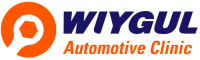 Wiygul Automotive Clinic of Alexandria, VA | Pickett Street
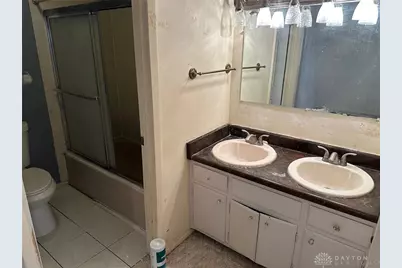 6496 Quintessa Court, Miami Township, OH 45449 - Photo 16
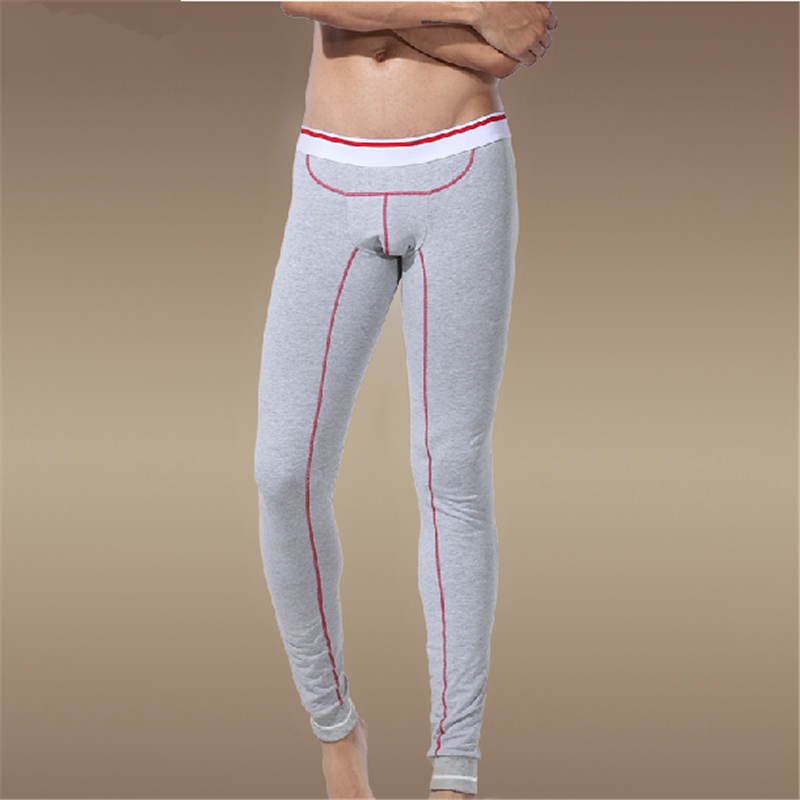 Pantalon collant jeunesse JACK sexy en coton - Ref 756619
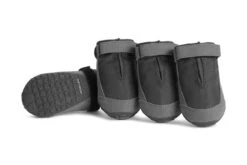 Ruffwear Bottes Summit Trex Pour Chien 51 Mm X4 - Destockage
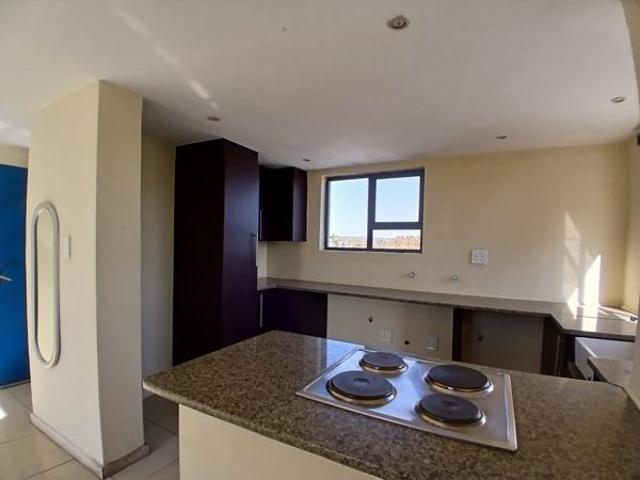 Apartment for sale in Centurion, Gauteng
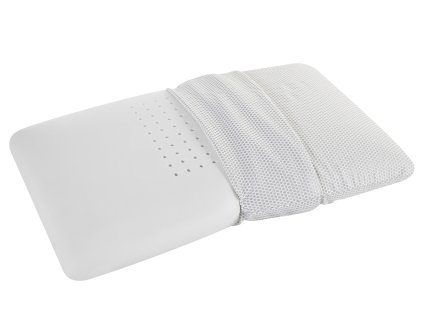 Magnicool 3D Standard MX 1
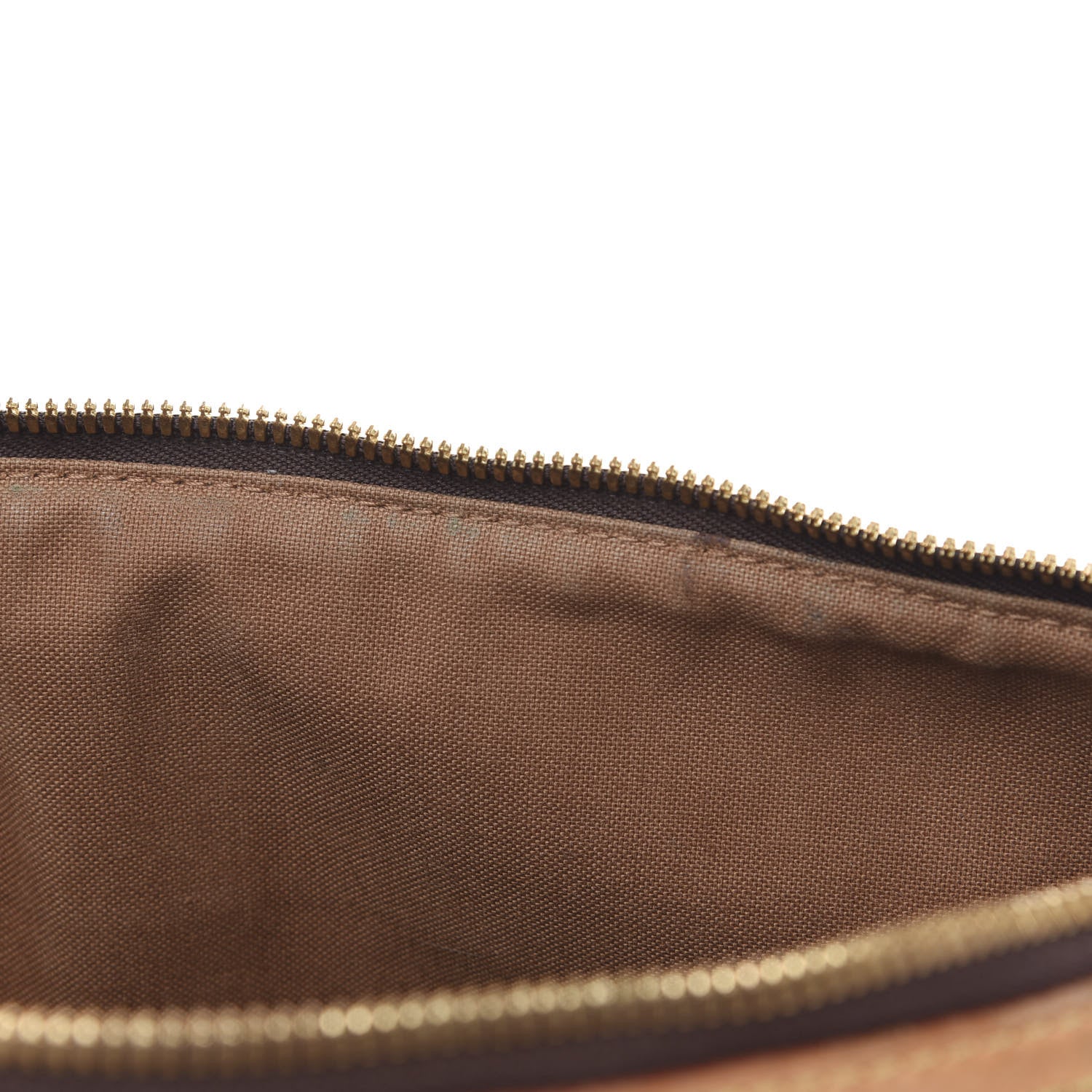 Louis Vuitton Monogram Palermo PM 6 of 14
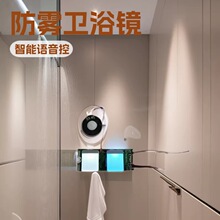 ��Ӣ���x���Z���R�eled������ ���p��ɫ12V�� ָ���~�ɸ�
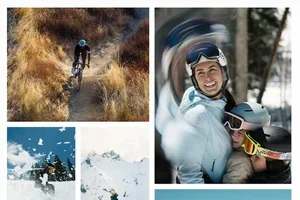 Ton code de réduction de 10% t'attend ✨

◇ ◇ ◇ ◇

» WHAT YOU NEED TO DO: Please output exactly the lines from the line containing "Ruffwear Bottes Summit" through the last line of the records above, both included, and leave out any pictures.

» TASK SOLUTION:
 Ruffwear Bottes Summit Trex Pour Chien 51 Mm X4 - Destockage
 Apartment for sale in Centurion, Gauteng
 Magnicool 3D Standard MX 1
 Louis Vuitton Monogram Palermo PM 6 of 14
 ��Ӣ���x���Z���R�eled������ ���p��ɫ12V�� ָ���~�ɸ�
 Ton code de réduction de 10% t'attend ✨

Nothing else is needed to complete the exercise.